It is not for nothing that some people refer to ‘the idle rich’. Timothy is to command them to do good, to be rich in good deeds, and to be generous and willing to share, using their wealth to relieve want and to promote good causes. In so doing, they will be imitating God. For He is rich, yet out of His riches, richly provides us with everything we need.

Since God is such a generous giver, His people should be generous too, no only in imitation of His generosity, but also because of the colossal needs of the world around us. Many Christian enterprises are hampered for lack of funds. And all the time our conscience nags us as we remember the one fifth of the world’s population who are destitute.

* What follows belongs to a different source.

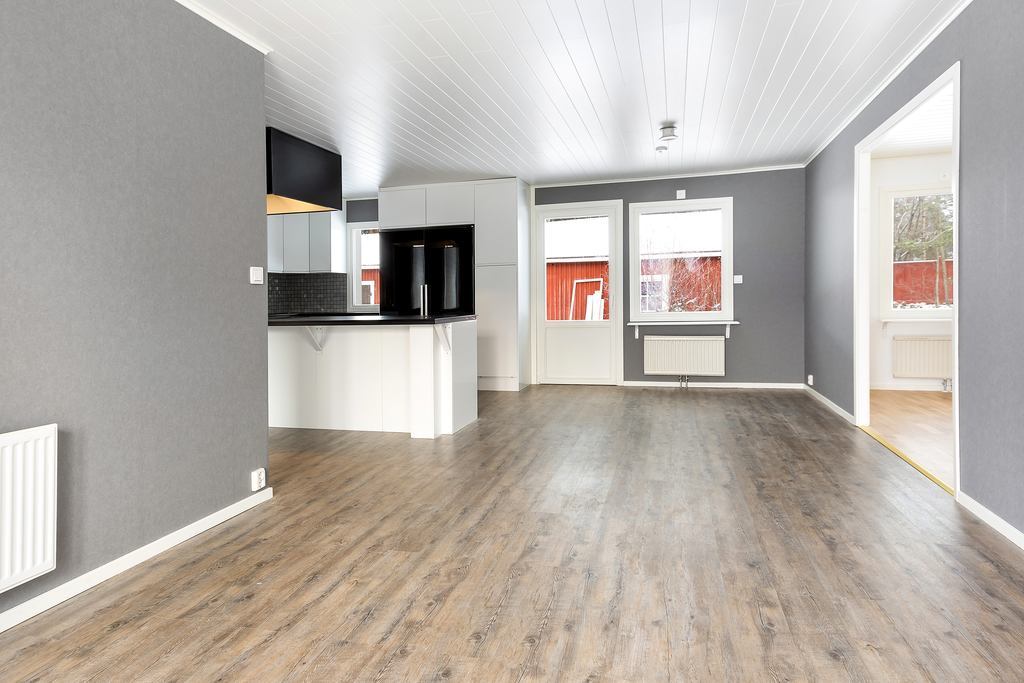 Bred och välkomnade hall, kök och matplats rakt fram.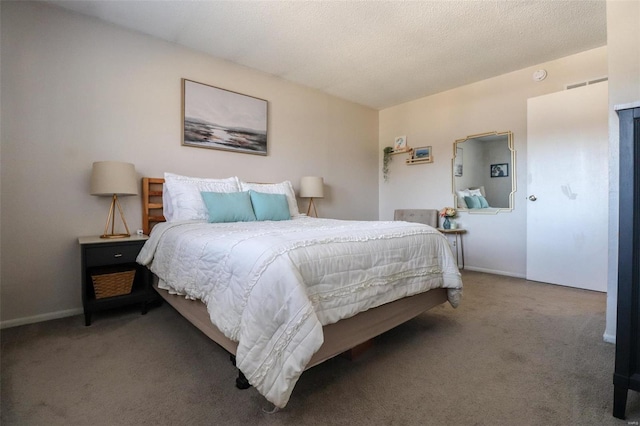 carpeted bedroom with a textured ceiling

If wealthy people are really and sacrificially generous, it goes without saying that they will no longer be wealthy as they were. They may not become poor, but neither will they remain rich.”

John R.W. Stott in The Message of 1 Timothy and Titus (TBST; Downers Grove: IVP, 1996) 161.

Today I head to Omaha to speak multiple times at a conference in the next three days invited by my friend Jon Wiebe at MB Foundation. The theme is “Salt and Light: Faithful Living in a Secular Culture.”

I will speak on four topics: Faithful Stewardship, Faithful Leadership, Faithful Governance, and Faithful Accountability. I appreciate your prayers for me. My aim matches these words of Stott.

I “seek to develop” the Christian workers I will serve to model and promote these topics to multiply good and faithful stewards and help the ministries they serve to thrive with standards.

And I pray the same for you. I pray your ministry in the lives of rich people causes them to neither be rich nor poor but having obeyed the command from Scripture to be two things.

I want each of us and the rich among us to be obedient to God and dependent on God. If the rich reflect those those two traits, needs will be met, ministries will have resources, and the gospel will spread.